France's national library said Friday it was prepared to lead an international effort to save centuries-old manuscripts feared destroyed or damaged by Islamists as they were chased out of the northern Malian city of Timbuktu.
The Bibliotheque Nationale "stands ready to come to the aid of the Ahmed Baba Institute, seriously affected by recent events, in agreement with Malian and French authorities, when the situation allows", the library said in a statement.
The ancient centre of Islamic learning housed some 300,000 ancient manuscripts, according to UNESCO, before the Islamist extremists seized the fabled city on the edge of the Sahara last April.
Reports emerged in recent days that rebels fleeing the advancing French-led forces had torched a building housing thousands of priceless manuscripts, but an expert said Wednesday that most had been smuggled to safety in the capital Bamako as the Islamists overran the city.
"A vast majority was saved... more than 90 percent," said Shamil Jeppie, Tombouctou Manuscripts Project director at the University of Cape Town.

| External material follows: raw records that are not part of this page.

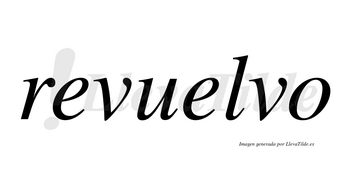 Revuelvo no lleva tilde con vocal tónica en la segunda «e»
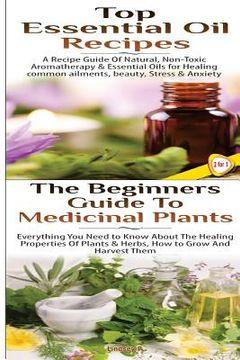 portada Top Essential Oil Recipes & the Beginners Guide to Medicinal Plants (en Inglés)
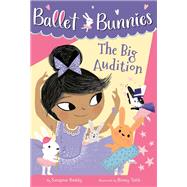 Ballet Bunnies #5: The Big Audition by Reddy, Swapna; Talib, Binny, 9780593305751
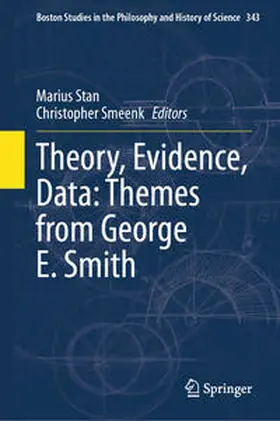 Stan / Smeenk |  Theory, Evidence, Data: Themes from George E. Smith | eBook | Sack Fachmedien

The insurgent fighters had already destroyed many of the city's centuries-old shrines, the legacy of Timbuktu's golden age of intellectual and spiritual development.
Islamist fighters had considered the texts and the shrines -- which helped earn the city UNESCO world heritage status -- to be idolatrous.
The Bibliotheque Nationale on Friday offered help in assessing damage, providing materials for reconditioning and restoration and assisting in the work of conserving and restoring damaged documents.
The library said it would also support work that was already under way to digitise the manuscripts.